▶ **Task details**
The task calls for the lines from the start of the entries below through the line with "Summerfield Collection Stainless", given again verbatim, with every picture dropped.

-------- Data supplied

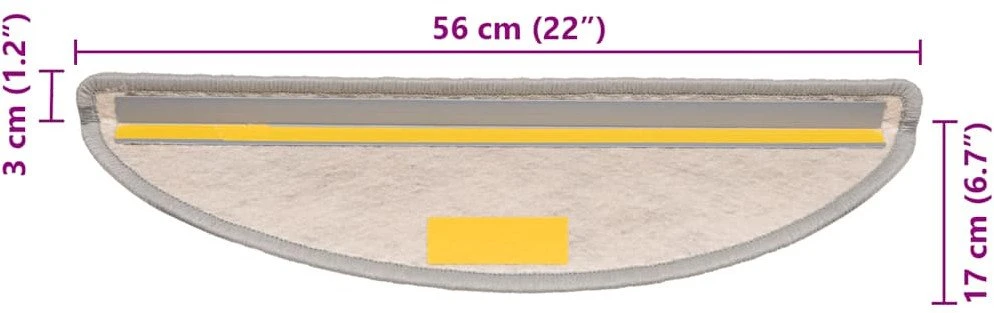 Laiptų kilimėliai Lipni Sisal-Look 30 vnt 56x17x3 cm Platina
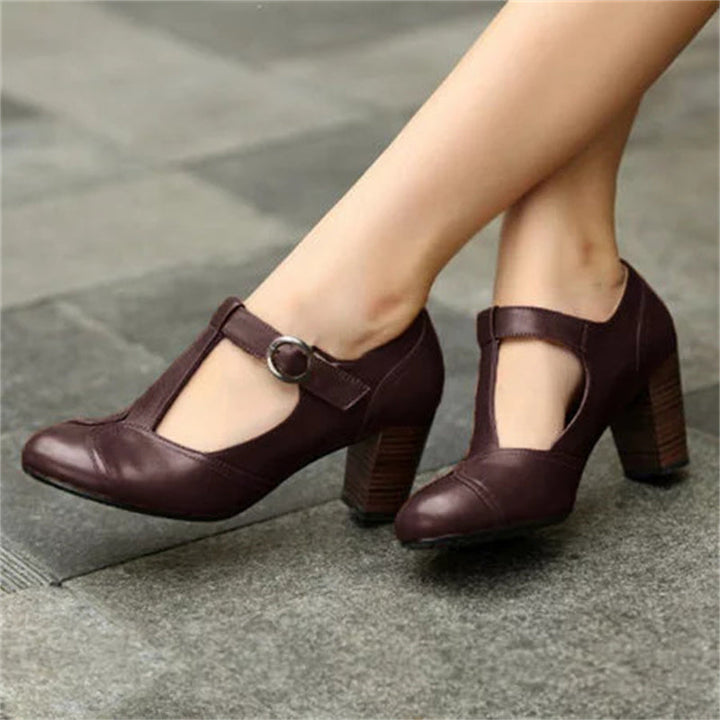 Women's round toe closed toe T-strap chunky high heels loafers retro dress shoes
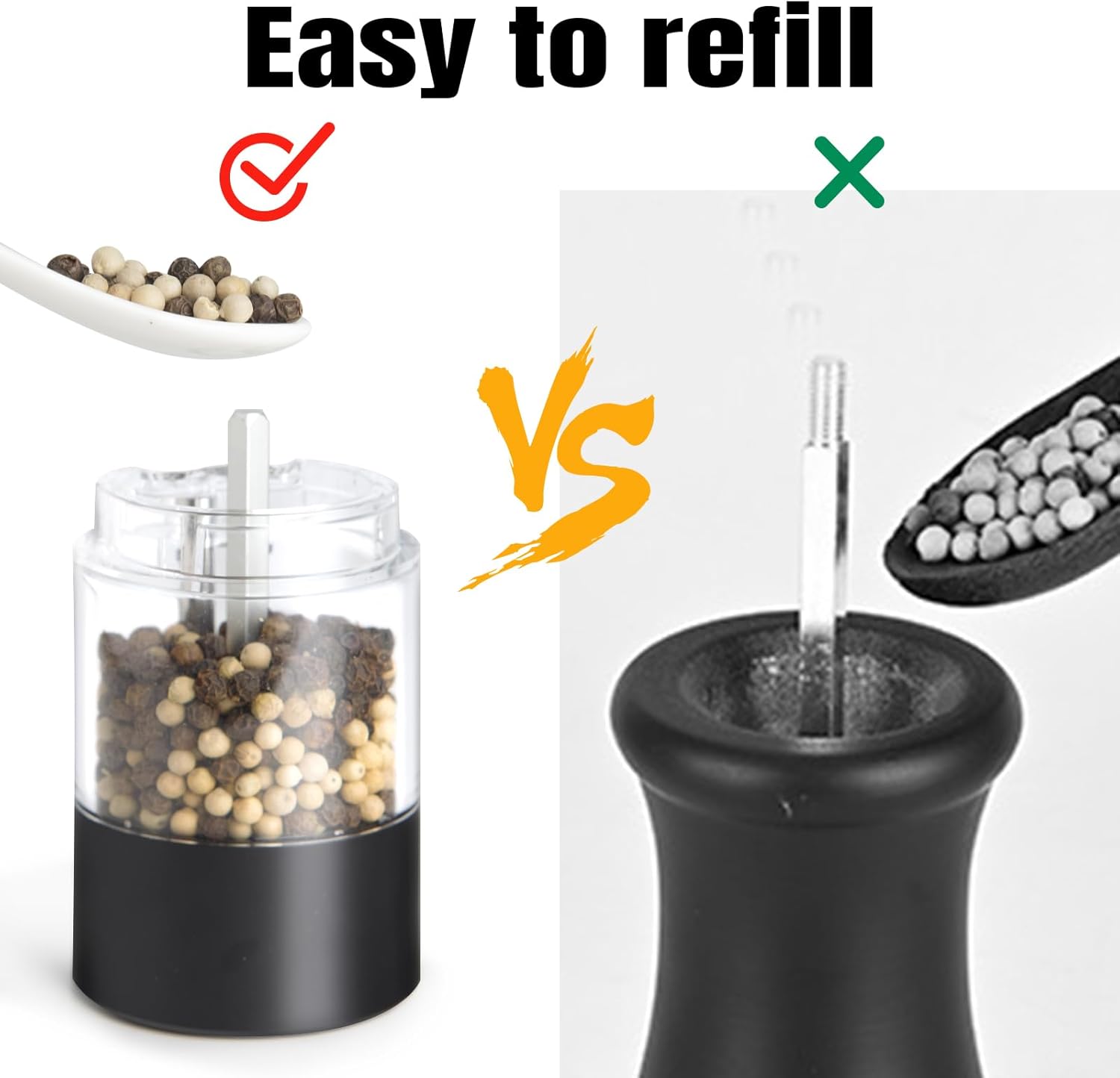Electric Pepper Grinder,USB Rechargeable Salt and Pepper Mill with Adjustable Coarseness and LED Light,One Touch Operation for BBQ,Kitchen,Restaurant,Camping(Black)
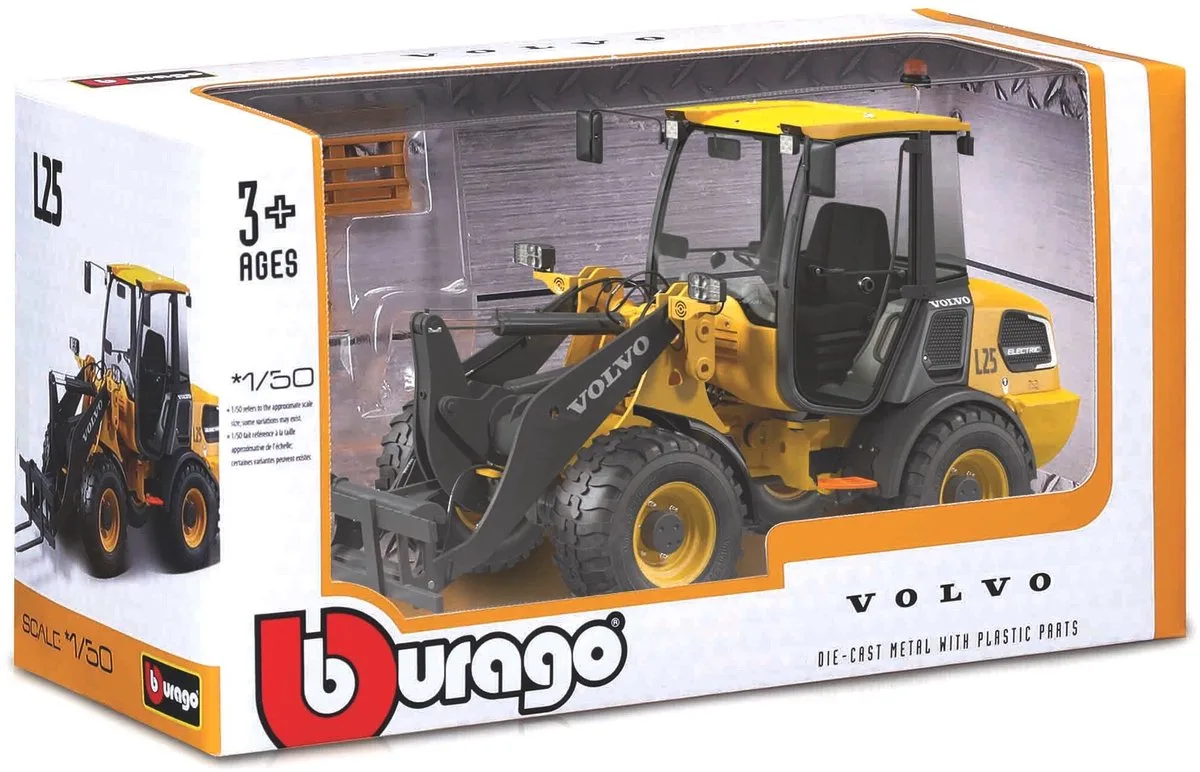 Volvo L25 - Modelauto - Schaal 1:50 van Bburago in Geel, Grijs – productfoto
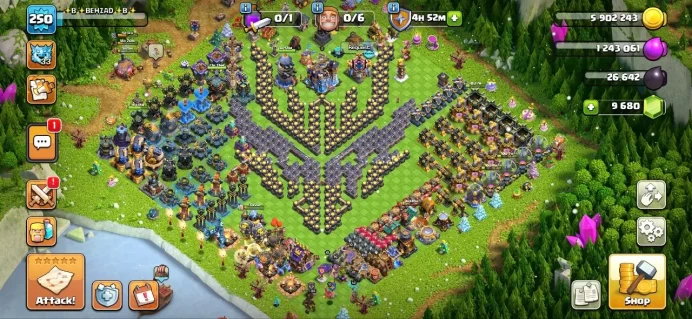 Th 18 max(wall Defenses max)/7 Epic Hero Equipment best level/ 9500 gem/ 5 skin hero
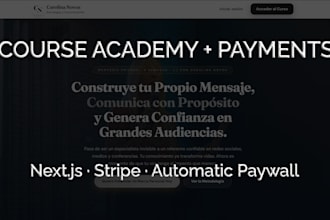 build a digital course academy with payments and paywall in next js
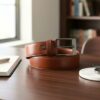 brown vegan belt for men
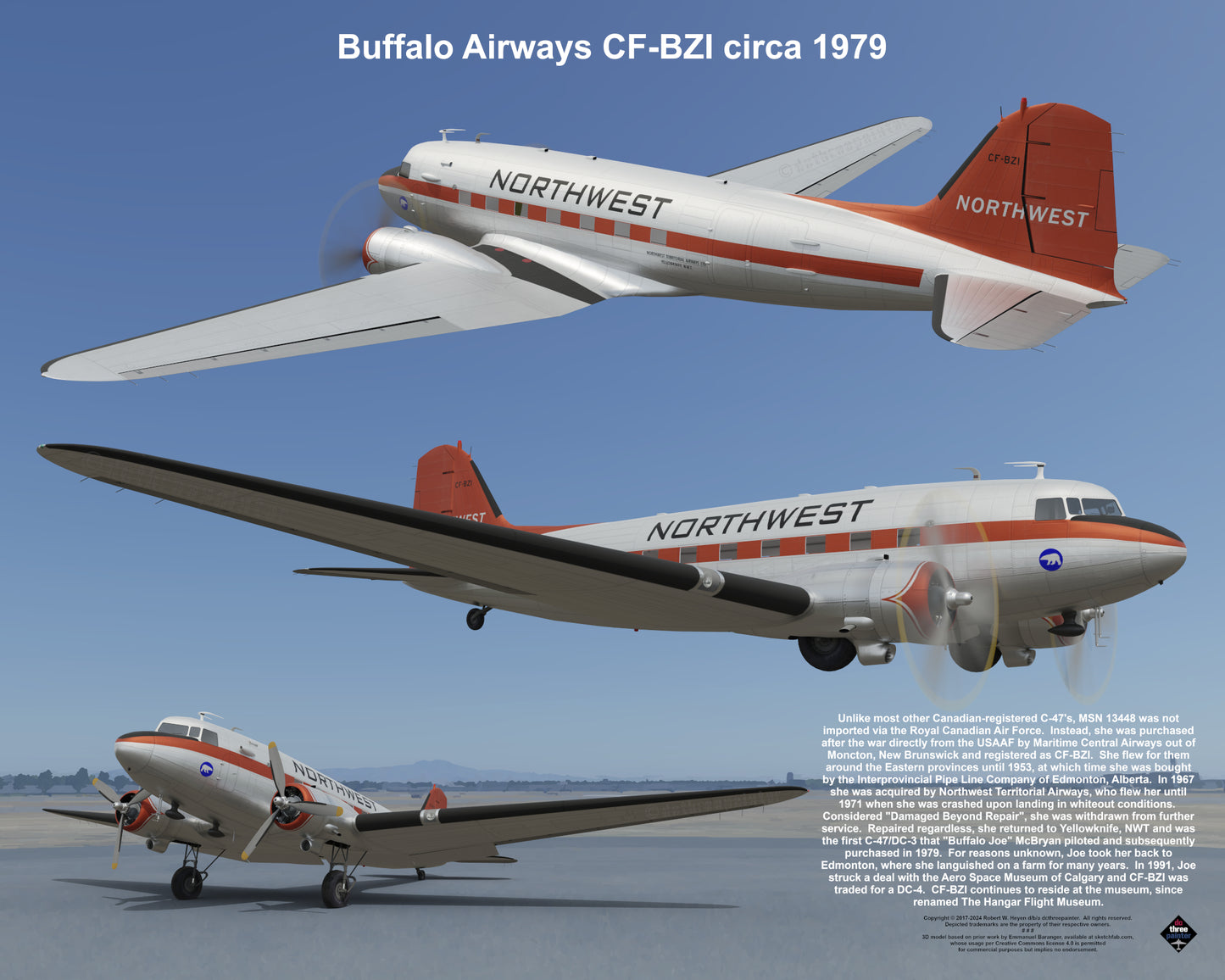 Design 1 (20" x 16") Fleet of Fancy Number 1: Buffalo Airways - Set of 27 Prints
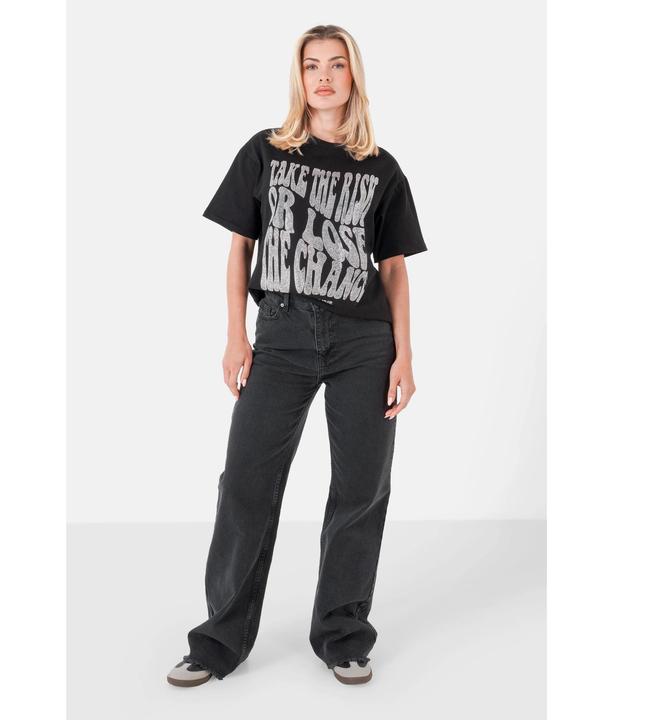 Actual product image Sixth June Women's rhinestone text t-shirt (S)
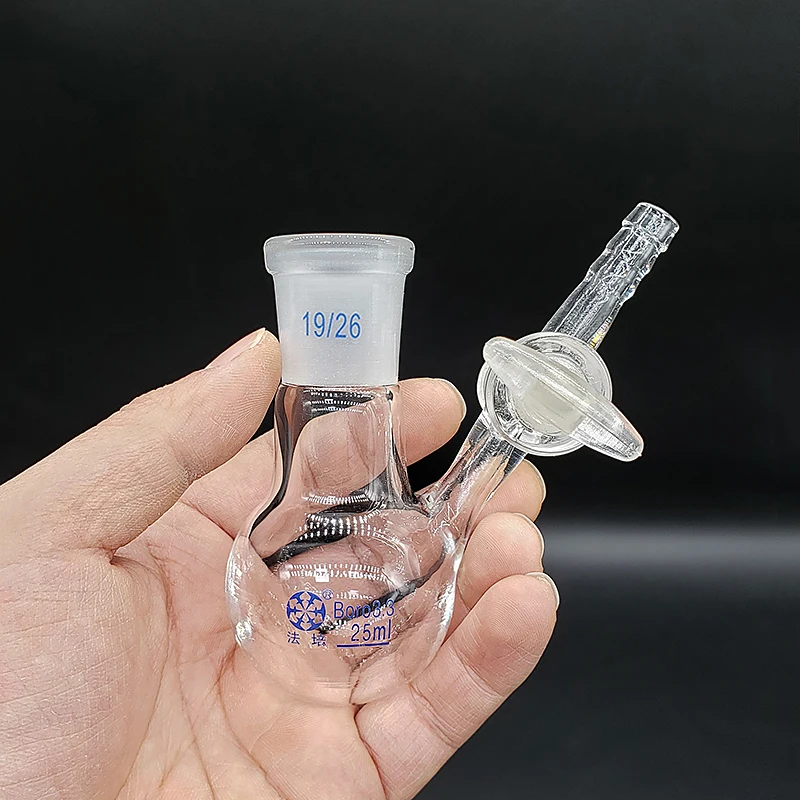 FAPE Single standard ground mouth reaction ball bottle, Capacity 25ml, Joint 19/26, Glass switch valve, Reaction flask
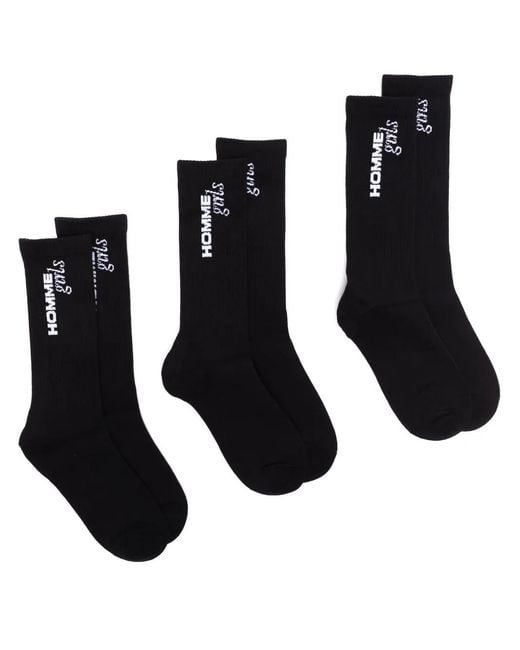 HOMMEGIRLS Black Three-Pack Intarsia-Logo Socks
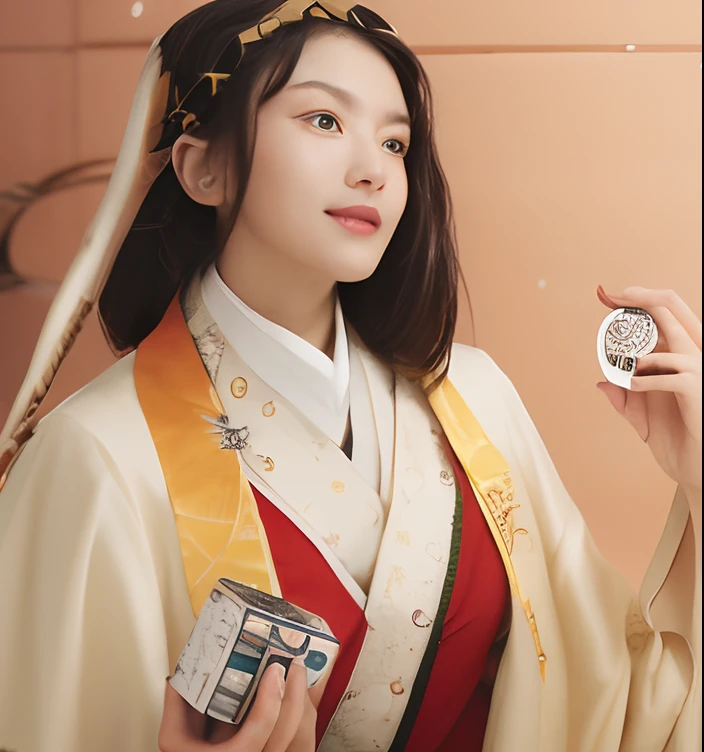 Smiling woman holding coin and small box
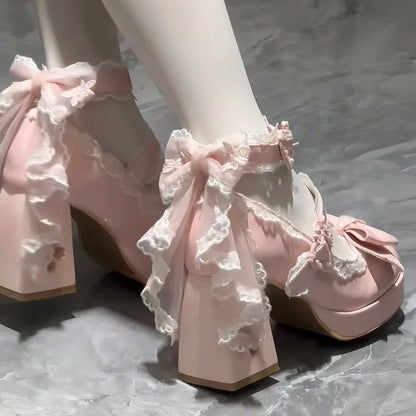 Lovely Girls Lolita Butterfly Knot High Heels Platform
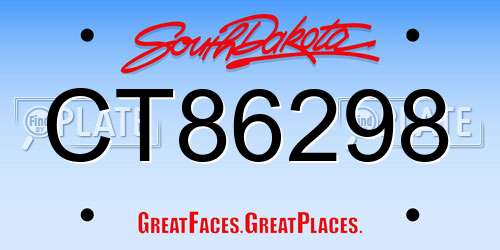 CT86298 South Dakota License Plate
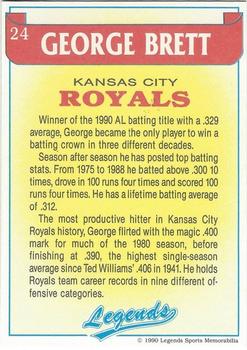 1990 Legends Sports Memorabilia #24 George Brett Back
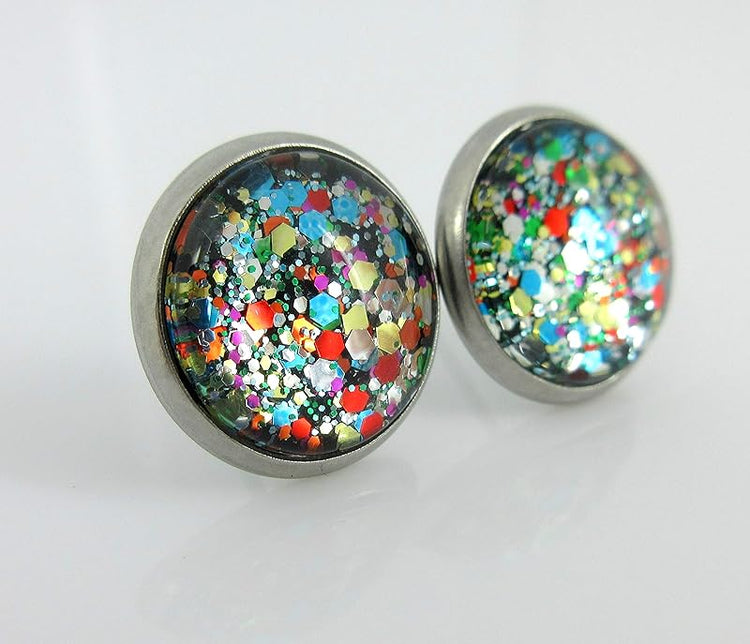 Summerfield Collection Stainless Steel Multi Color Party Confetti Glitter Glass Stud Earrings Hand-painted 12mm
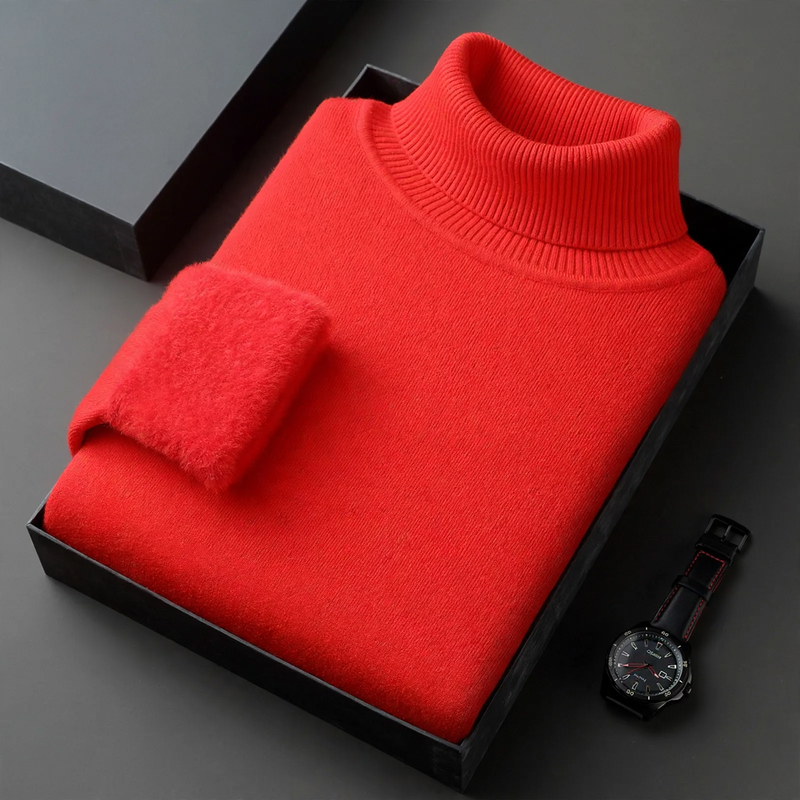 Herren-Strickpullover mit Rollkragen und Wollanteil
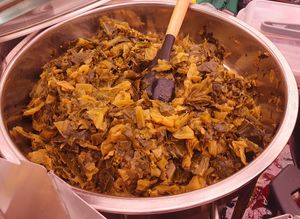 Collard greens with onions, garlic, ginger and spices at Ethiopian Vegan Eats in East London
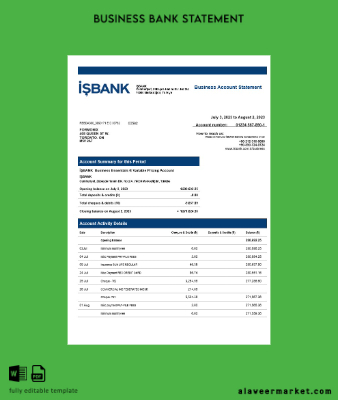 Banka corporate checking account Hesap Özeti Word and PDF Şablon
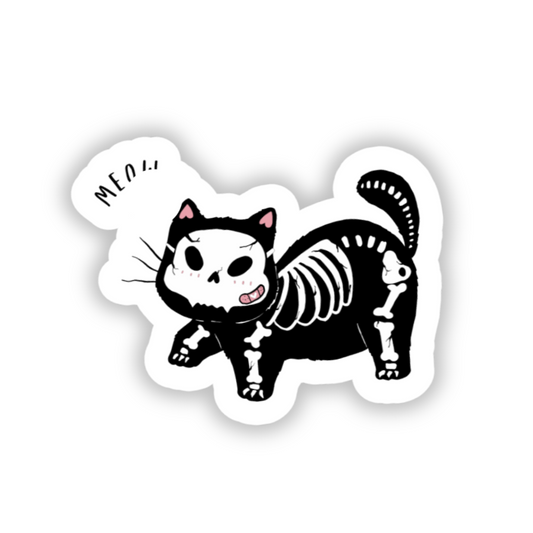 Skeleton cat sticker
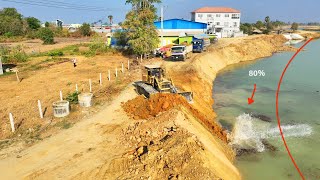 80% of project Today Dozer Komat'su updates the other side to change the size of the road on the dam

----------------

▶ **The completed task**
 Laiptų kilimėliai Lipni Sisal-Look 30 vnt 56x17x3 cm Platina
 Women's round toe closed toe T-strap chunky high heels loafers retro dress shoes
Electric Pepper Grinder,USB Rechargeable Salt and Pepper Mill with Adjustable Coarseness and LED Light,One Touch Operation for BBQ,Kitchen,Restaurant,Camping(Black)
 Volvo L25 - Modelauto - Schaal 1:50 van Bburago in Geel, Grijs – productfoto
 Th 18 max(wall Defenses max)/7 Epic Hero Equipment best level/ 9500 gem/ 5 skin hero
 build a digital course academy with payments and paywall in next js
 brown vegan belt for men
 Design 1 (20" x 16") Fleet of Fancy Number 1: Buffalo Airways - Set of 27 Prints
 Actual product image Sixth June Women's rhinestone text t-shirt (S)
 FAPE Single standard ground mouth reaction ball bottle, Capacity 25ml, Joint 19/26, Glass switch valve, Reaction flask
 HOMMEGIRLS Black Three-Pack Intarsia-Logo Socks
 Smiling woman holding coin and small box
 Lovely Girls Lolita Butterfly Knot High Heels Platform
 CT86298 South Dakota License Plate
 1990 Legends Sports Memorabilia #24 George Brett Back
 Summerfield Collection Stainless Steel Multi Color Party Confetti Glitter Glass Stud Earrings Hand-painted 12mm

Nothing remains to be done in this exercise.